Stephen Wolfram's "Galileo Moment"

Computation is mathematical poetry. That may not be self-evident, but when you hear Stephen Wolfram talk about it, there is little doubt. Wolfram arrived to a packed hall at the South by Southwest Interactive conference Sunday, and he came to preach the gospel of computation. It is, he told us, one of the biggest ideas in human history.
But don't confuse computation with mathematics. Math allows us to describe the general features of our world, but computation lets us go deeper. For many years, wherever Wolfram went he would see computation, and often in nature. He began to wonder what were nature's programs like. His self-described "Galileo Moment" came when he decided to turn his computer (his computational telescope) at the computational universe. After running thousands of simulations he now believes that there is a computational program that guides the universe...all we have to do is find it. And that analysis is ongoing.
In the meantime, Wolfram's explorations of the computational universe come to you and me in the form of Wolfram Alpha, a 20-million-line computational engine for the masses. A Pro version launched February 8, and if you haven't checked this out, the 'wow' factor alone is worth it. This is not a search engine, though at first visit it has all the design grammar of a search engine. It's a "Computational Knowledge Engine" - in function, an automated research analyst that draws its data from primary sources (when it can) to help you combine and make sense of the world by running your queries through thousands of data sets. There are four goals behind Wolfram Alpha's design:
1. it has to know about our world, it needs to be able to access vast amounts of raw data
2. it has to understand queries in natural language and be able to answer 90% accurately and another 5% with a reasonable accuracy
3. it should automatically generate reports about the answer, providing extra context that users didn't expect
4. it has to figure out how to tell a story from the data pull
In the coming year Wolfram Alpha's team will roll out the ability for users to upload their own data for analysis...this even extends to pictures snapped on your smartphone, which you'll be able to analyze through the mobile app. Additionally, the team will augment the current myriad 'small data' sets with an increasing number of Big Data sets. These will help with natural language queries and contextual reporting.

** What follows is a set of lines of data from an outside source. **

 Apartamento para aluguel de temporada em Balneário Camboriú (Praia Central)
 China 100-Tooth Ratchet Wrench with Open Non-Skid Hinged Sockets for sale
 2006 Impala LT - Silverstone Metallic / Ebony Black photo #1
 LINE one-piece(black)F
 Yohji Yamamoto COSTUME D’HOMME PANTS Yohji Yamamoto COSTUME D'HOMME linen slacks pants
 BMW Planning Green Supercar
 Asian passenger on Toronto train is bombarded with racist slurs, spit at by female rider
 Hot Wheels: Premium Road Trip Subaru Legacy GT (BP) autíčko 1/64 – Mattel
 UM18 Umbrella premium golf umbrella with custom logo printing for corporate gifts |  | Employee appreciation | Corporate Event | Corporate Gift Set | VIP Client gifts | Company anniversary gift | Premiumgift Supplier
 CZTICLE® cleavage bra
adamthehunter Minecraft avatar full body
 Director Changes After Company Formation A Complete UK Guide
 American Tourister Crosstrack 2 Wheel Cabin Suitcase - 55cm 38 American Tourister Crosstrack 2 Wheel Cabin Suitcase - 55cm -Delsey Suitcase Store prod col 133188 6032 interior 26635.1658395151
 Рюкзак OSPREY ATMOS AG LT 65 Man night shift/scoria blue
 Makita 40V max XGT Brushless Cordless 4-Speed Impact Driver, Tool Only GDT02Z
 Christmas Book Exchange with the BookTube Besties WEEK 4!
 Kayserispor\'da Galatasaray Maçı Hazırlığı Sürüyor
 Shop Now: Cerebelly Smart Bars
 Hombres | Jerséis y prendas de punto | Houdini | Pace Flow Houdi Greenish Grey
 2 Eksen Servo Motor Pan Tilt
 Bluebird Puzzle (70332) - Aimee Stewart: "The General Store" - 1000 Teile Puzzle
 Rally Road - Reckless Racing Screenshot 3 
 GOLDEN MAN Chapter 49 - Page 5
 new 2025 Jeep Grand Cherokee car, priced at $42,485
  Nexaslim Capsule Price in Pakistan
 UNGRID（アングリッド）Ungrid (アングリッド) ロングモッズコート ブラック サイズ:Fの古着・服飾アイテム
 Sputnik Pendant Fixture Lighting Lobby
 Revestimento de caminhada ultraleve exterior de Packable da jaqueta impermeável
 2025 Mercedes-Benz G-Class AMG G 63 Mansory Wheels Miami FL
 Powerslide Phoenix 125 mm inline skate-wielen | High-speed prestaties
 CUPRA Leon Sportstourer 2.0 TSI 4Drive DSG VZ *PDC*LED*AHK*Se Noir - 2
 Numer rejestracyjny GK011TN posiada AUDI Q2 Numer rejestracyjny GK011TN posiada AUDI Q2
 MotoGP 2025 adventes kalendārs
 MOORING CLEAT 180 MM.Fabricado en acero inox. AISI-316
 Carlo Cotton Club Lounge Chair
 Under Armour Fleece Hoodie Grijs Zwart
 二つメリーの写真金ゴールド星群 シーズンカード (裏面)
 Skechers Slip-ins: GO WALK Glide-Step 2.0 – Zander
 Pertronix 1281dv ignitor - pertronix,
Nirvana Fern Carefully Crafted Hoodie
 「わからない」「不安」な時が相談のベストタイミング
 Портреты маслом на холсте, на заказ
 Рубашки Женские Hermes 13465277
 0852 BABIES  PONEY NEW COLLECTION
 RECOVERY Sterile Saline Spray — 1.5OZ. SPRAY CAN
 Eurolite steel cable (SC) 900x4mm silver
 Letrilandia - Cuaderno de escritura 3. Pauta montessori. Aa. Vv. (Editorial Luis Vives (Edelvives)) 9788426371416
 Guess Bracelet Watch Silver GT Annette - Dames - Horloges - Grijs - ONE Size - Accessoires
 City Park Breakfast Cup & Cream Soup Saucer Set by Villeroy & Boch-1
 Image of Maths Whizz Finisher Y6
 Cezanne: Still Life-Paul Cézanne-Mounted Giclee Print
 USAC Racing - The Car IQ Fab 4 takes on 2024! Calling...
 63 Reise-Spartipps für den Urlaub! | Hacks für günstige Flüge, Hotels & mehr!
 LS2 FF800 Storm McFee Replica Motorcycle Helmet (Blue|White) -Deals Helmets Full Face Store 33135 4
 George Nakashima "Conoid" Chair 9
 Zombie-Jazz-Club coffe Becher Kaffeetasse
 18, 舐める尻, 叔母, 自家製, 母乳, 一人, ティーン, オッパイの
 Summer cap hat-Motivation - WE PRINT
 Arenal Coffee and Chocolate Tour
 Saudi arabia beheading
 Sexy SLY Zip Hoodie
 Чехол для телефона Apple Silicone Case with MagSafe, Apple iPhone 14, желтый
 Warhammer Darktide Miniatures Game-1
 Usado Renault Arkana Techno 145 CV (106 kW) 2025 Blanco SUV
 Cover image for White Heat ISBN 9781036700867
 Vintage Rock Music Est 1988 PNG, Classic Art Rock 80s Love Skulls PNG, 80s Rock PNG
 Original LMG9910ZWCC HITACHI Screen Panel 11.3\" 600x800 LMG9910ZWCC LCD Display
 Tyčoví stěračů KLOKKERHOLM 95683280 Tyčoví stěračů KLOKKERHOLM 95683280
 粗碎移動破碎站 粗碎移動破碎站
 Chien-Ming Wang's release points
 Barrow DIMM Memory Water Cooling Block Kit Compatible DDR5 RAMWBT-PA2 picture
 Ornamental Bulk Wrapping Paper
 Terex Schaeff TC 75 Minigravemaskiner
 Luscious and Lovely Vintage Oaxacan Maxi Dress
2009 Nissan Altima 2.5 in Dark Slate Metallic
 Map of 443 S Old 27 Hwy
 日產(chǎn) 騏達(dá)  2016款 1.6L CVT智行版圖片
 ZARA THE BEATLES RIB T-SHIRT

Wolfram's vision of the future is that ambient computation will become more and more prevalent in our lives. As we move through last days of Moore's Law and on to the next paradigm, he expects we'll see more auto-pilots for sectors of life like health and finance. But if the world is moving more and more to computation, what makes you and I special and distinct? Wolfram's answer, in not so many words, is the social layer that collects and conveys our details and *our* life's story.
Wolfram closed with this thought. Just as we look back to tribal cultures for the 'wisdom of the ancients,' the exobytes of data we will generate about ourselves during this period in history will be parsed by future generations for analyses that we can't begin to imagine. The sum total of our Tweets, Likes, Shares, Pins, pix and video uploads will be the computational data set that our descendants will scour for the answer to what gives humans purpose. We are what we Tweet.